Weltmusik von Steve Lake
Diesen Monat geht es an dieser Stelle ausschließlich um den guten alten Reggae. Jeder meint zu wissen, was das ist, aber tatsächlich waren und sind die schleppenden, hypnotisierenden Rhythmen der jamaikanischen Musik Motor für ein ungeheuer breites Spektrum textlicher Aussagen und musikalischer Einfalle. Drei neue „Best Of-Sampler stellen das wieder einmal unter Beweis.

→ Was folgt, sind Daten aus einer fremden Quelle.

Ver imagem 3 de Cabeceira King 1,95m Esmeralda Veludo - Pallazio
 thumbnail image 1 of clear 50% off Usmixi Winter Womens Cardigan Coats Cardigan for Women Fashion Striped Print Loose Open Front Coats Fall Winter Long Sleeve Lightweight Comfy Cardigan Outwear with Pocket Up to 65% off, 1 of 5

BUNNY WAILERs „Retrospective« (3,5 , Shanachie 45021) gibt einen Überblick über die Solo-Arbeit des letzten noch lebenden Mitglieds der Original-Wailers. Bunnys Ruf als „mystischer“ Denker der Band – im Gegensatz zu dem Polit-Utopisten Marley und dem wütenden Tosh – entpuppt sich bei genauerer Betrachtung als PR-Erfindung.
Dieser Wailer hat sein Mäntelchen, wenn auch vorsichtig, nach den wechselnden Winden der Reggae-Mode gehängt – und das ist ja auch kein Verbrechen. Auf jeden Song mit „Zurück zur Natur“-Beschwörungen oder einer Spur rebellischen Protests kommen zwei, die auf Mainstream-Disco getrimmt sind. Man fragt sich, ob in dem Stück „Conscious Lyrics“, in dem er seine Songschreiber-Kollegen auffordert, mehr Augenmerk auf die wichtigen Themen zu legen, nicht ein wenig Selbstkritik steckt.
Von den Musikern, allen voran Bassist Robbie Shakespeare, gibt es dagegen durchweg Erfreuliches zu hören, und wenn Bunny mit dem Herzen wirklich dabei ist, können die Ergebnisse sehr bewegend sein – ganz besonders bei seiner Version von Bob Marleys „Redemption Song“.
„An Even Harder Shade Of Black“ von SANTIC & FRIENDS (3,5, Pressure Sounds/EFA 18761) ist eine Kollektion früher Produktionen von Leonard „Sande“ Chin. Da die ursprünglichen Master-Tapes nicht mehr auffindbar sind oder, in Jamaika wahrscheinlicher, gefälscht und wiederverwendet wurden, hat man alte Singles neu abgemischt.
Das läßt dieses Album zwar mitunter zu einer ziemlichen Low-Fi-Angelegenheit werden (besonders getrübt ist der Hörgenuß bei King Tubbys „One Heavy Duba“, wo die verwendete Platte offensichtlich eierte), was aber durch seinen historischen Wert mehr als wettgemacht wird: Das Material stammt aus jener aufregenden Periode, als kommerzieller Pop-Reggae – es gibt hier schöne, honigsüße Balladen von Horace Andy und Gregory Isaacs – allmählich wilden Experimenten am Mischpult weichen mußte und die Erfinder des „Dub“ (King Tubby, Augustus Pablo und andere) Furore machten.
Nur die pumpende bass line entgeht den Echoschwaden; andere Instrumente tauchen plötzlich aus dem Mix auf und gehen ebenso unvermittelt wieder unter. In England wurde Dub mit offenen Armen aufgenommen, und mit Adrian Sherwood am Mischpult klang das Ganze oft nach einem total abgehobenen Science-Fiction-Soundtrack. Auf CREATION REBELs „Historie Moments Volume H“ (4,5, On-U-SoundV EFA 18674) aus den Jahren 1979/80 schafft Sherwood Klang-Landschaften, von denen Pink Floyd nur träumen können. Rückwärts abgespielte Schlagzeug-Tracks, Spielereien mit der Band-Geschwindigkeit, unterschiedliche delays auf den Instrumenten, alle Regeln über Klangverteilung im Stereo-Panorama auf den Kopf gestellt – radikale Musik eben.
Dub war in vielerlei Hinsicht ein extremerer Angriff auf etablierte musikalische Werte als Punk, obwohl es Berührungspunkte gibt, die heute nur noch selten diskutiert werden. Die Anwesenheit von Public-Image-Gitarrist Keith Levine auf zwei Tracks ist kein Zufall: Englische Punk-Musiker, die ein bißchen über den Tellerrand der eng begrenzten eigenen Vifelt schauen konnten, bemühten sich emsig, von den Dub-Innovatoren zu lernen. Mittlerweile hat sich Dub als Technik vollkommen vom Reggae emanzipiert und wird gar von jüngeren Freistil-Ensembles wie Tortoise benutzt.